Das Risiko kann schlecht eingeschätzt werden._


----------



## vaibhavm

Thank you both


----------



## bearded

elroy said:


> The meaning is "The risk is hard to assess" (i.e. "it is hard to assess the risk").





elroy said:


> It's an adverb.


The issue appears worth 'deepening' to me. On the one hand I agree that in the OP sentence, 'schlecht' - as an adverb -  means ''with difficulty''. On the other hand, however, ''schlecht einzuschätzen'' sounds like a predicative group, like in English ''hard to assess'', where (I would say) 'hard' is used as an adjective. Should we replace 'schlecht' with 'schwierig', then in the sentence_ Das Risiko ist schwierig einzuschätzen_ I feel that in 'schwierig' an adjectival nature is somehow present (cf._ difficile à évaluer/difficile da valutare/hard to assess_). Can semantics ('schwierig' instead of 'schlecht') change the function from adverb to adjective? Or can 'schlecht' be considered an adjective from the start?


----------



## elroy

I think it’s an adverb in both cases:

_Das Risiko kann man nur schlecht/schwer* einschätzen.
_
In both cases, it is the assessment of the risk, not the risk itself, that is being modified.  The _assessment_ can only be “bad” because it’s hard.  It’s not the risk itself that’s bad or hard.  So I don’t see the semantic difference you’re positing. 

*I would use “schwer” here; I don’t know if “schwierig“ is also correct.


----------



## bearded

Don't you sense any analogy between ''the risk is hard to assess'' and_ Das Risiko ist schwereinzuschätzen_? I don't think you can deny that 'hard' is an adjective there.
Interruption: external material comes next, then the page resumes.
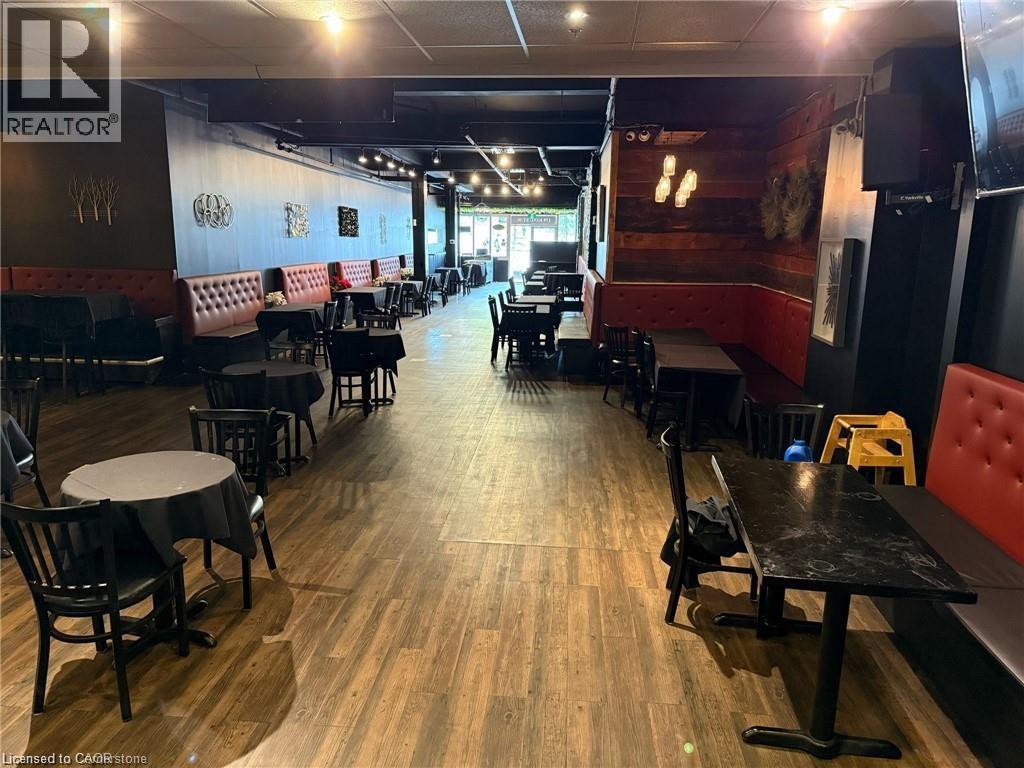 Dining room featuring wood finished floors - 179 King Street W, Kitchener, ON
Is it a sure thing that 'schwer' cannot be an adjective in the similar phrase and position?


----------



## elroy

In German, I think it’s an adverb, for the reasons I gave. 
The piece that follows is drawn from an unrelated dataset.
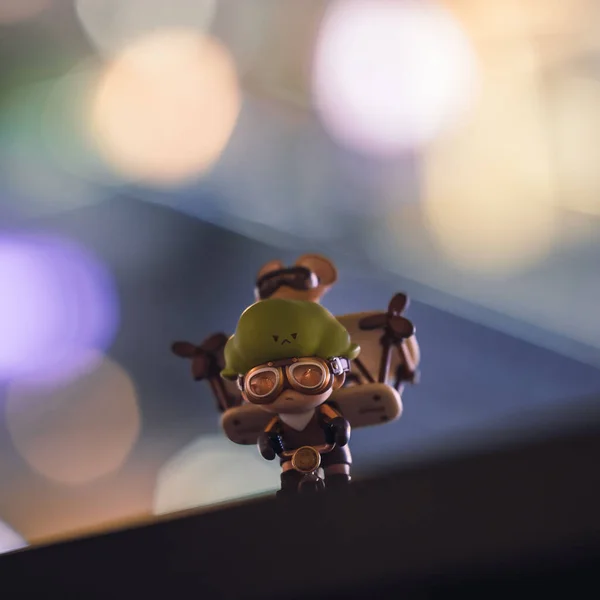 A closeup of a Pop Mart toy figurine of Dimoo preparing to fly isolated on a bokeh background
I don’t think the grammar of the English sentence is relevant.


----------



## bearded

elroy said:


> the grammar of .. English


...and the grammar of several other languages...
The reason you gave should also be valid for other languages then (it's not the risk itself that's hard..). Would German be the only language that strictly complies with that?

PS. Please consider the following alternative expressions, which would suit my 'adjectival' perspective:
Das Risiko ist schwer einzuschätzen> das Risiko ist schwer zum Einschätzen/zur Einschätzung/bezüglich der Einschätzung (_difficile en ce qui concerne l'évaluation_).


----------



## Demiurg

I think bearded has a point. Compare:

_Das Auto ist schnell zu reparieren. / Das Auto ist schnell repariert worden._ (Adverb)
_Das Auto ist schlecht zu reparieren. / Das Auto ist schlecht repariert worden._  (different meaning)
_Das Auto ist schwer zu reparieren. / Das Auto ist schwer repariert worden._  (colloquially / different meaning)


----------



## elroy

Demiurg said:


> _Das Auto ist schlecht zu reparieren. / Das Auto ist schlecht repariert worden._  (different meaning)
> _Das Auto ist schwer zu reparieren. / Das Auto ist schwer repariert worden._  (colloquially / different meaning)


 Can you elaborate?

Das _Auto_ ist weder schnell noch schlecht noch schwer. Das _Reparieren_ geht schnell oder geht nur "schlecht" oder ist schwer. 


bearded said:


> das Risiko ist schwer zum Einschätzen/zur Einschätzung/bezüglich der Einschätzung


 I don't think any of these rewrites work.  What do native speakers think?


----------



## bearded

elroy said:


> Das _Auto_ ist weder schnell noch schlecht noch schwer.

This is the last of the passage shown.